A travers une série de saynètes cocasses ou graves, ce jeune professeur de banlieue nous distille avec une bienveillance tendre ce qui fait le sel de ses journées passées à enseigner le français à des enfants (avant d'être des élèves) qui s'incarnent cahin-caha sous une plume éminemment poétique. Il dit les corps et les cheveux qui deviennent encombrants à mesure qu'ils entrent dans l'adolescence, le cerveau envahi d'émotions plus angoissantes les unes que les autres... Il croque des personnages récurrents de ses classes de collège, année après année, il délivre leurs délicieuses perles, leur bon sens incisif ("Où vont les présidents quand ils ne sont plus présidents ?" -- "Bah en prison !" !), leur mauvaise foi lors des débats ou des jeux organisés par leur professeur préféré. Car oui, ils l'aiment bien leur "prof" qui leur donne des livres, tente de répondre à leurs questions sur l'actualité, la vie... C'est leur repère, leur bouée de sauvetage, leur point fixe quand tout s'écroule autour : les attentats, par exemple.
Il y a les enfants qu'on renvoie au Bled sans finir l'année, les frères et soeurs, les doublants, les glandeurs gentils, les intellos bavards, les grandes gueules à la naïveté confondante, ceux qui ont réponse à tout ou qui cherchent leurs mots, d'autres qui dorment en classe... Les parents sévères, absents, permissifs, complexés, fiers de leur progéniture...
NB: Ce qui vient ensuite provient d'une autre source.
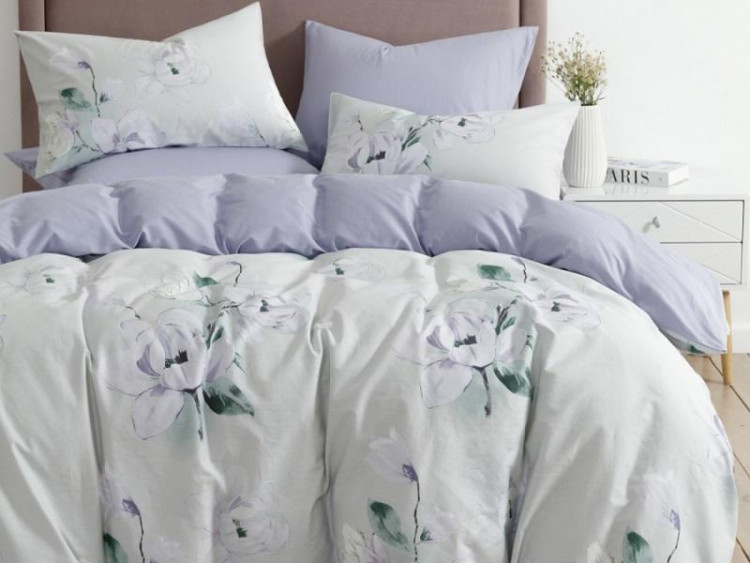 Постельное белье двухстороннее из твил-сатина SAILID BP-170-1 1,5-спальное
Tout ce petit monde-là gravite dans les couloirs, espace intersidéral qui se situe entre les salles de classe et la salle des professeurs, tente de créer une relation dans les 2 minutes de parlotte de l'interclasse, dans un temps qui se dilate et s'étire d'une année sur l'autre si bien que l'on ne sait plus bien à quel moment ou à qui l'on a parlé de ses dernières vacances, si c'était le souvenir de l'année dernière ou bien... ?
Un témoignage d'une humanité touchante, qui ne professe rien, et nous rappelle juste que la vérité sort de la bouche des enfants. A découvrir.